Opinion / Megan Gibson
Duty bound
It’s an idea that the Paris-based OECD has been pushing for some time: US treasury secretary Janet Yellen (pictured) announced on Monday that she is working with G20 countries to create a global minimum tax rate for corporations. If implemented, it would mark a seismic shift in global tax policy; Yellen argues that it would counter the “race to the bottom” that has been underway for decades, whereby nations try to attract businesses by offering ever-lower corporate rates within their borders.
Yellen’s announcement is partly motivated by domestic politics. It would give an immediate boost to Joe Biden, whose recently announced $2.25trn (€1.9trn) “build back better” infrastructure plan will need to be properly funded. The president has proposed raising US tax rates, which would place higher burdens on American companies’ foreign profits. A global tax rate would mean that such a move doesn’t put the US at an immediate and significant disadvantage.

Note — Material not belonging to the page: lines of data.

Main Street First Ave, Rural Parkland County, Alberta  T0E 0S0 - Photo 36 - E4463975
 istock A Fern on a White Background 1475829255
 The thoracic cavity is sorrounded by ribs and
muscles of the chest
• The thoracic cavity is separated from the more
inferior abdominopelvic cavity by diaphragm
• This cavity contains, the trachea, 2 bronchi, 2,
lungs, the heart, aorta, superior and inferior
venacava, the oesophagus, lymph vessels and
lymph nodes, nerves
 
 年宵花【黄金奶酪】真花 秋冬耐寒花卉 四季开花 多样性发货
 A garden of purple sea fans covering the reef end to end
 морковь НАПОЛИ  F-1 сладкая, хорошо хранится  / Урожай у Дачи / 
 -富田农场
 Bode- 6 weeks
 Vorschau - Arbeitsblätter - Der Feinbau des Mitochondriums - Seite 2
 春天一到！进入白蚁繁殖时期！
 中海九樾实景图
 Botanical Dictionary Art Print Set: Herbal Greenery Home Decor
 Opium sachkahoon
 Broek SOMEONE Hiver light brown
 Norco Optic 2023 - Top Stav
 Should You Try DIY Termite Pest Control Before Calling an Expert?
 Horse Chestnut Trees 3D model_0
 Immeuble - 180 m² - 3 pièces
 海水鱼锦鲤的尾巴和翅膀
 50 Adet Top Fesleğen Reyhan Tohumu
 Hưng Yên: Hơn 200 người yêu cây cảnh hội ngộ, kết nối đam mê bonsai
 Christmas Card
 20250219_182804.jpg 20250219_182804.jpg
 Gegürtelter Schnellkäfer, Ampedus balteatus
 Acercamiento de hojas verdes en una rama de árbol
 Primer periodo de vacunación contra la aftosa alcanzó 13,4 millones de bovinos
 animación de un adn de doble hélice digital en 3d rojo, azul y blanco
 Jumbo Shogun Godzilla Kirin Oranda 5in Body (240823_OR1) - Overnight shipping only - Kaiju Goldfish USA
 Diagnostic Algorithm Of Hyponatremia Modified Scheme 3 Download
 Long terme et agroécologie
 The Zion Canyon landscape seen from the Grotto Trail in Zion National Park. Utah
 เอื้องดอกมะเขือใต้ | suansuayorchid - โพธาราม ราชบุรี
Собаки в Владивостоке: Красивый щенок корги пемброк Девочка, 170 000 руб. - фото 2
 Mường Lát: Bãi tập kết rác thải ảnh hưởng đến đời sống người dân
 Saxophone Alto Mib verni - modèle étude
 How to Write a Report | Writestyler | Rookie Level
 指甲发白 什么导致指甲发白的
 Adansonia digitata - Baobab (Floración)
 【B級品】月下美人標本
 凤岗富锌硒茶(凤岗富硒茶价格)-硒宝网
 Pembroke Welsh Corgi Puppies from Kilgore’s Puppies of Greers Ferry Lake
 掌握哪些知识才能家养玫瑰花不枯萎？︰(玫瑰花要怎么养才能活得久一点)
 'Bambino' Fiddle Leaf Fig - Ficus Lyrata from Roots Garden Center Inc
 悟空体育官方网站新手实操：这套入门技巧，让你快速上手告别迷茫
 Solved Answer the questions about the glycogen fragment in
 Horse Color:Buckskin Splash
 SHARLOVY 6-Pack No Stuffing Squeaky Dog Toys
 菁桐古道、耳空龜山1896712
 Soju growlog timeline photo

On the face of it, a global minimum tax rate would be unpalatable to most traditional conservatives. But such a proposal, if adequately achieved and properly upheld (two big caveats), could actually work to address the problems that have spurred populist movements around the world. That includes Donald Trump’s working-class base, which has felt left behind by the economic benefits others have enjoyed via globalisation. And, by disincentivising technology giants and major multinational corporations from shifting their profits abroad, it could also address the grotesque inequalities in corporate taxation that harm small businesses.
It’s not just US conservatives that would need convincing, though: from business-friendly Ireland to post-Brexit Britain, setting a minimum global corporate tax rate is sure to face heavy opposition. But with globalisation under threat from all sides, it’s a worthwhile discussion to have.